INFORMATION SUPPLIED:
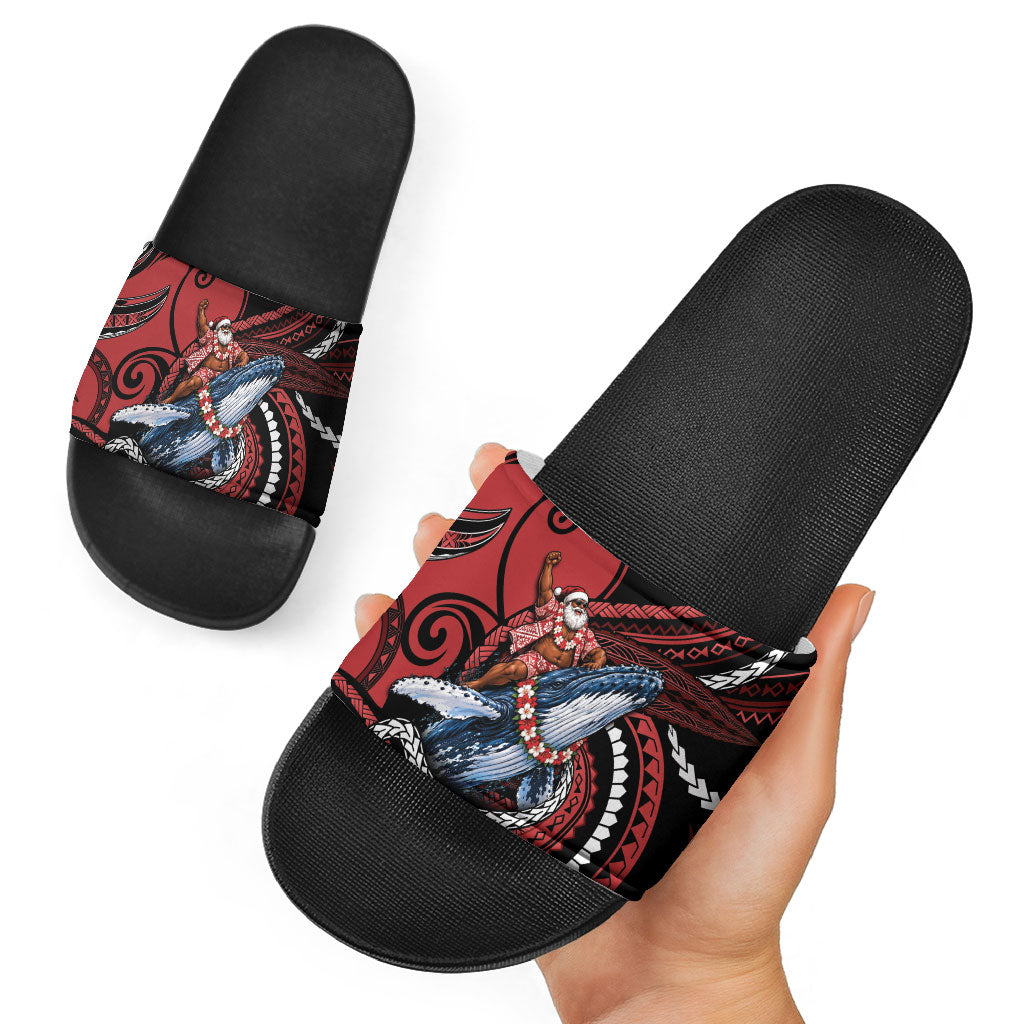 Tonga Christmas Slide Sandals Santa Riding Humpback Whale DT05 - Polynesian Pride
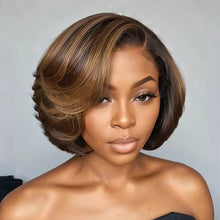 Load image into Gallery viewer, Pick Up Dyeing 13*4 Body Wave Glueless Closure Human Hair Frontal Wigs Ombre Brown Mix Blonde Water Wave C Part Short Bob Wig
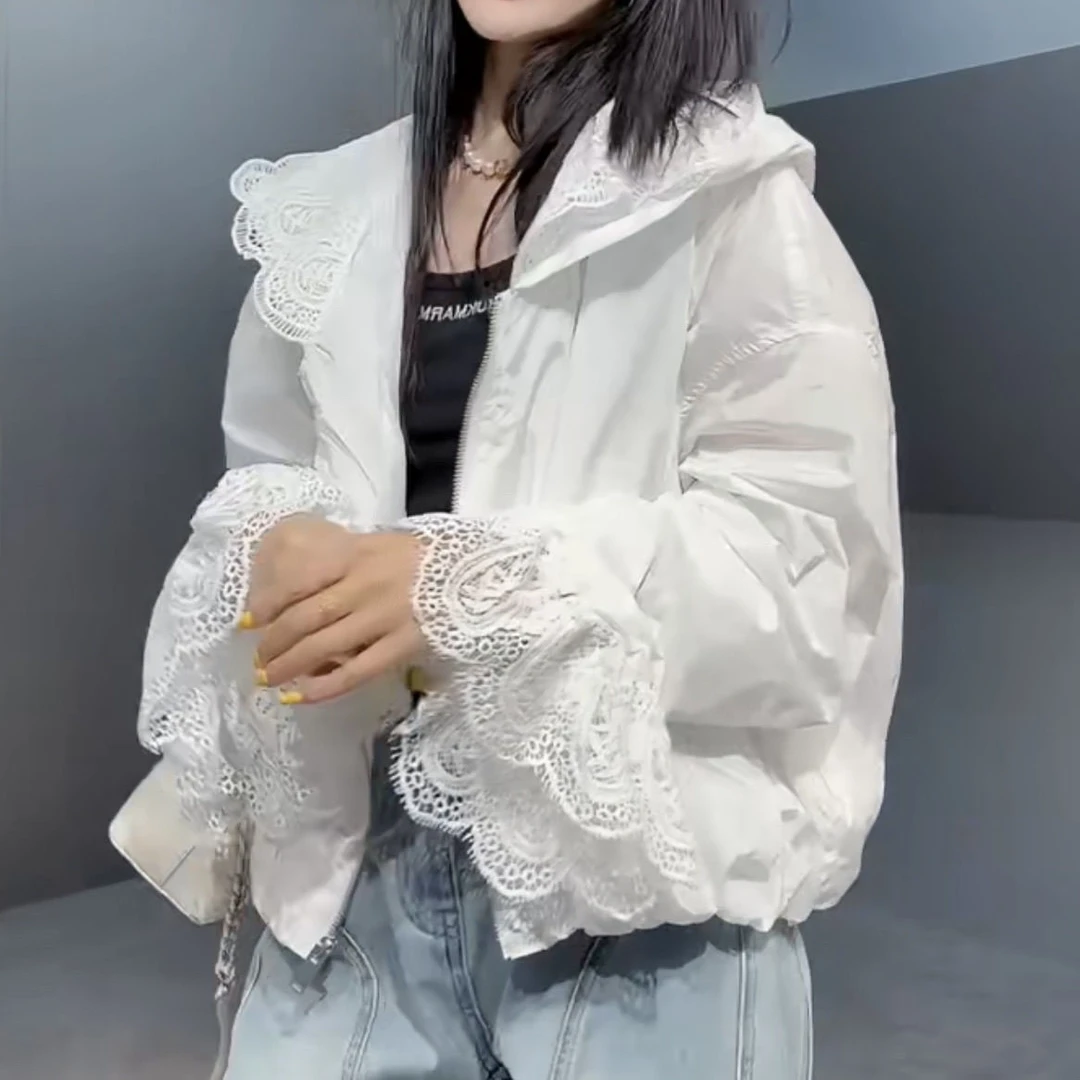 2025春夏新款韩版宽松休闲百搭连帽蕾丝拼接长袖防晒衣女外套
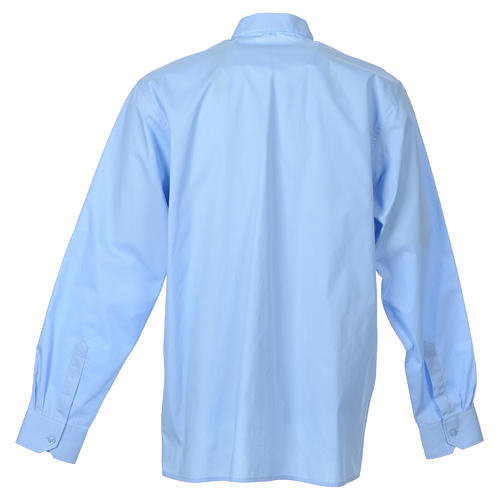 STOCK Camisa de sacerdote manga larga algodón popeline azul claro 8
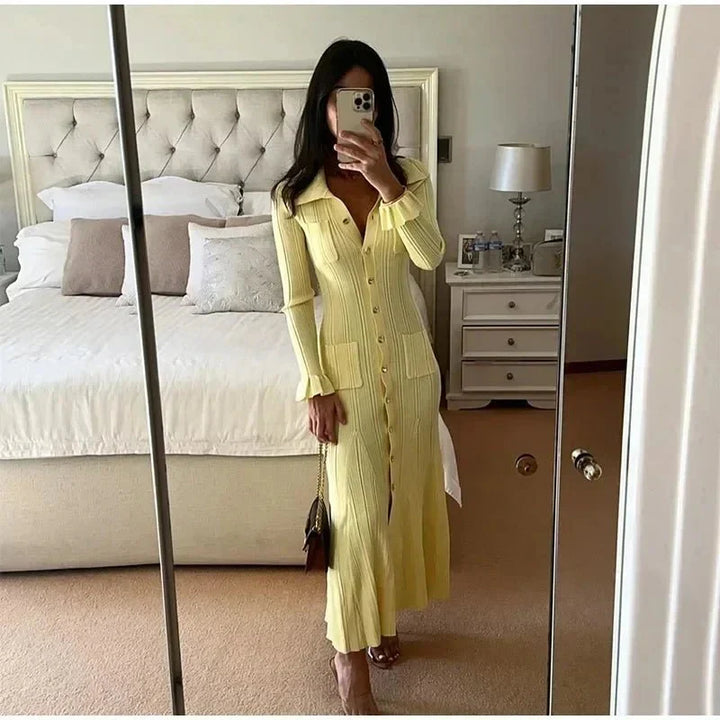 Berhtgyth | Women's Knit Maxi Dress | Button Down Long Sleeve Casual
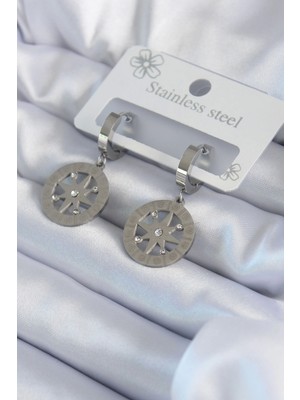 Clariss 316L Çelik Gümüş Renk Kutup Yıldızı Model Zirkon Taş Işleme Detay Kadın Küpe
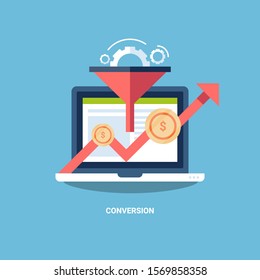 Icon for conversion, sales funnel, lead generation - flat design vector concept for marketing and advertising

...

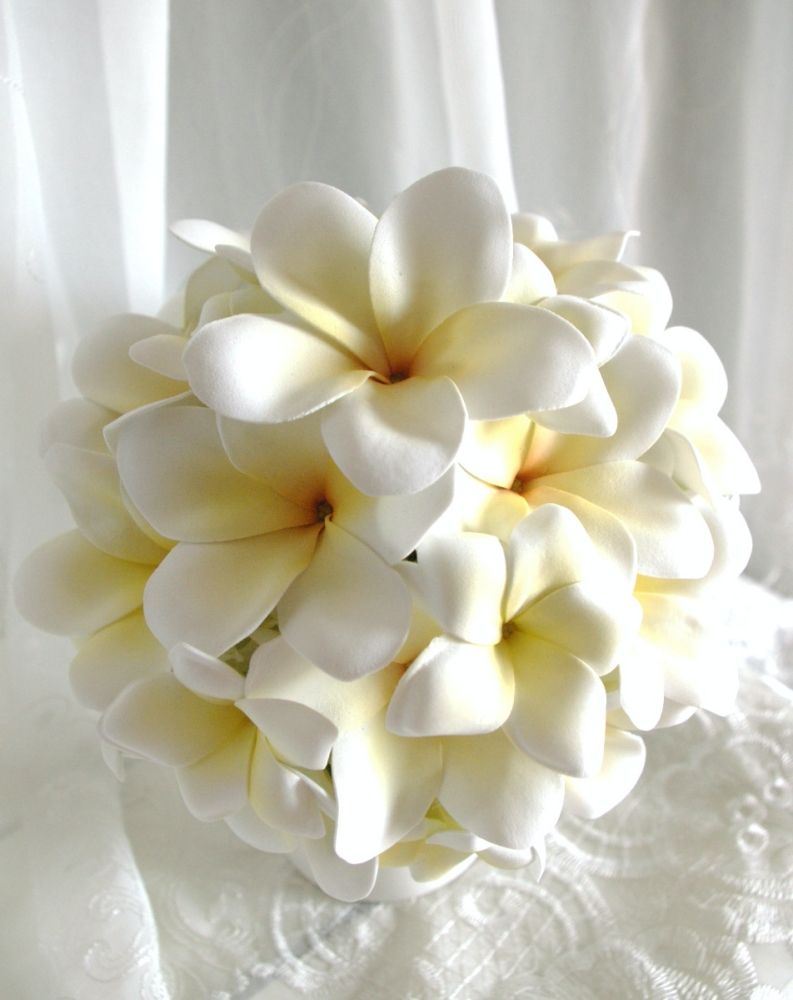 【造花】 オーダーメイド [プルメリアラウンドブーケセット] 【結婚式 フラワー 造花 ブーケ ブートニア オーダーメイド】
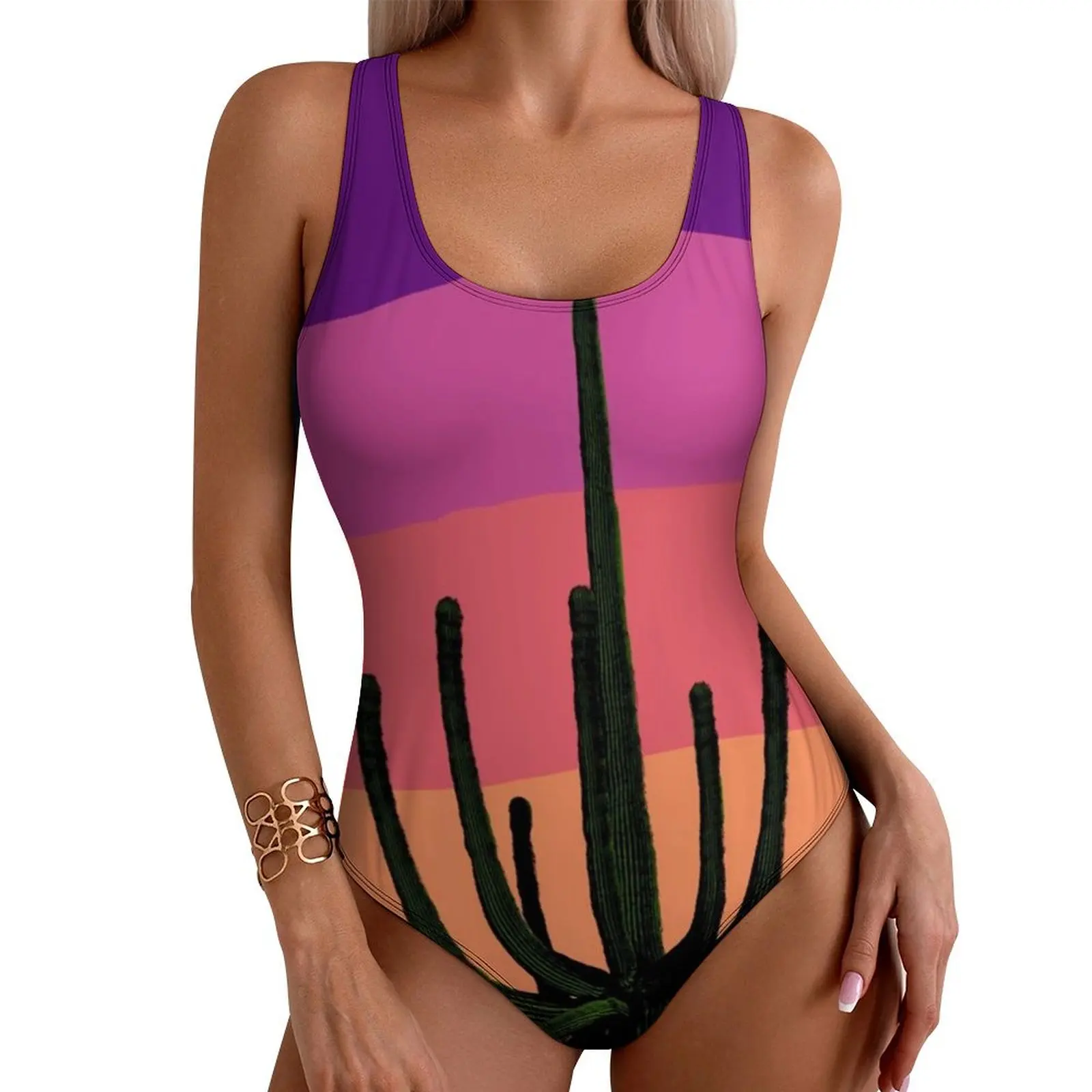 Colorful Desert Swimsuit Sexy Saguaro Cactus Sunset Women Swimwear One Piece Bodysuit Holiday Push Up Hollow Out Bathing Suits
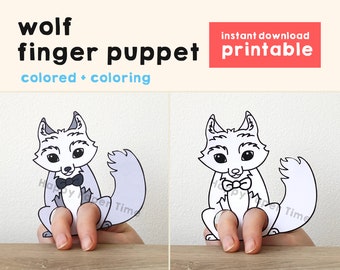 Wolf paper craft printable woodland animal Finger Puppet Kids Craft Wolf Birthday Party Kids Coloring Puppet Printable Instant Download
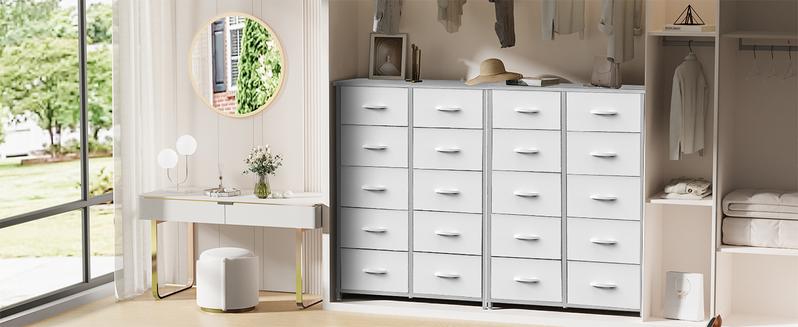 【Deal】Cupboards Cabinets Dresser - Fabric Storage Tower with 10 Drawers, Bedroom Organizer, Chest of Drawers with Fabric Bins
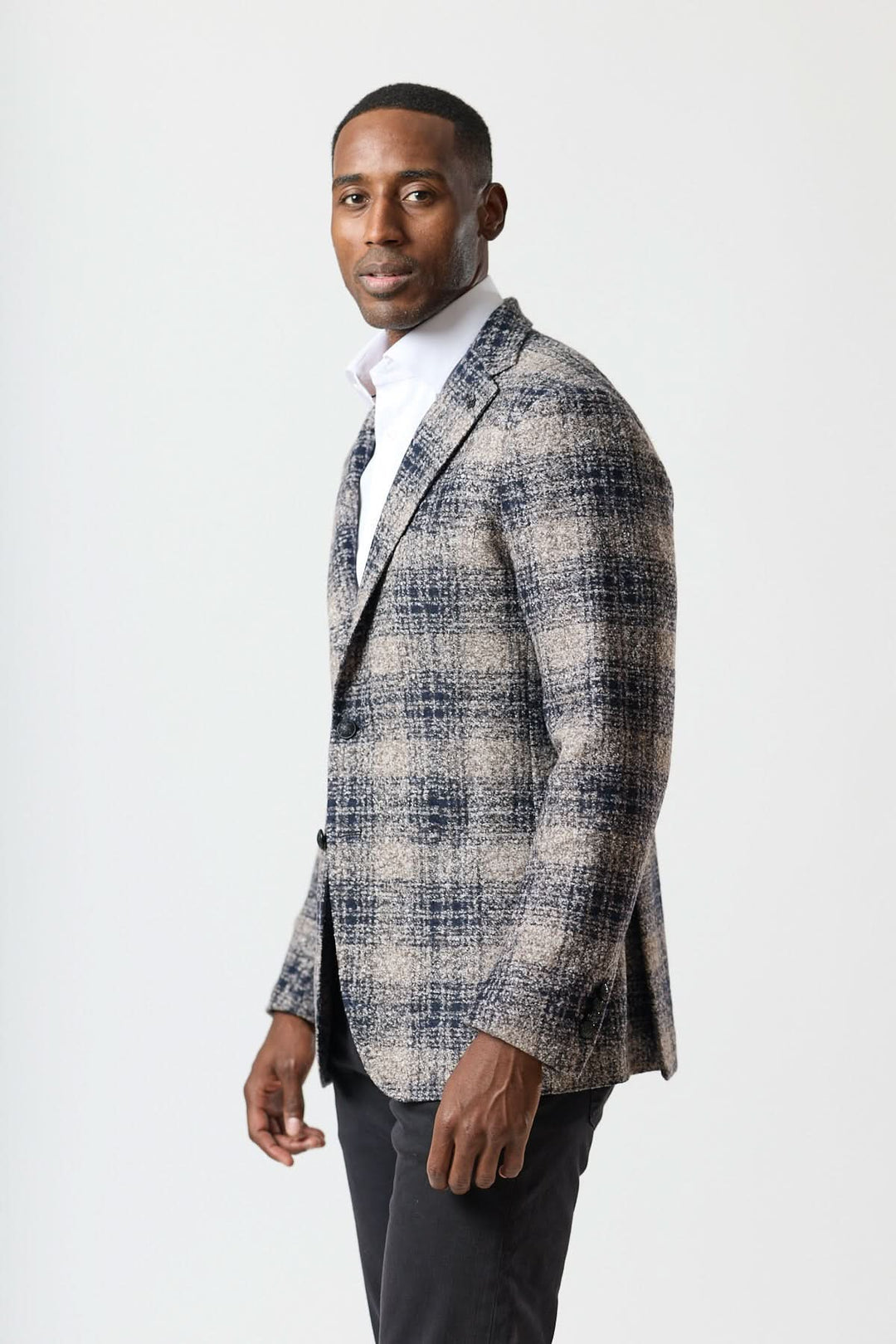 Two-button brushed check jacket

* * *

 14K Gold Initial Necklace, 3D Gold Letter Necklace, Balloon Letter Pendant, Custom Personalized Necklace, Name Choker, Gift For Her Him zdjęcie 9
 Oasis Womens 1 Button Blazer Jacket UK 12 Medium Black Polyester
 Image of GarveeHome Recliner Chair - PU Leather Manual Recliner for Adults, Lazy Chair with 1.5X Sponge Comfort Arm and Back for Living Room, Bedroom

WHAT TO DO: In the records above, find the line with "Tonga Christmas Slide" and the line with "Icon for conversion, sales"; please transcribe exactly those two lines and all lines between them, omitting any picture.

ANSWER TO THIS PROBLEM:
 Tonga Christmas Slide Sandals Santa Riding Humpback Whale DT05 - Polynesian Pride
 Load image into Gallery viewer, Pick Up Dyeing 13*4 Body Wave Glueless Closure Human Hair Frontal Wigs Ombre Brown Mix Blonde Water Wave C Part Short Bob Wig
 2025春夏新款韩版宽松休闲百搭连帽蕾丝拼接长袖防晒衣女外套
 STOCK Camisa de sacerdote manga larga algodón popeline azul claro 8
 Berhtgyth | Women's Knit Maxi Dress | Button Down Long Sleeve Casual
 Clariss 316L Çelik Gümüş Renk Kutup Yıldızı Model Zirkon Taş Işleme Detay Kadın Küpe
 Icon for conversion, sales funnel, lead generation - flat design vector concept for marketing and advertising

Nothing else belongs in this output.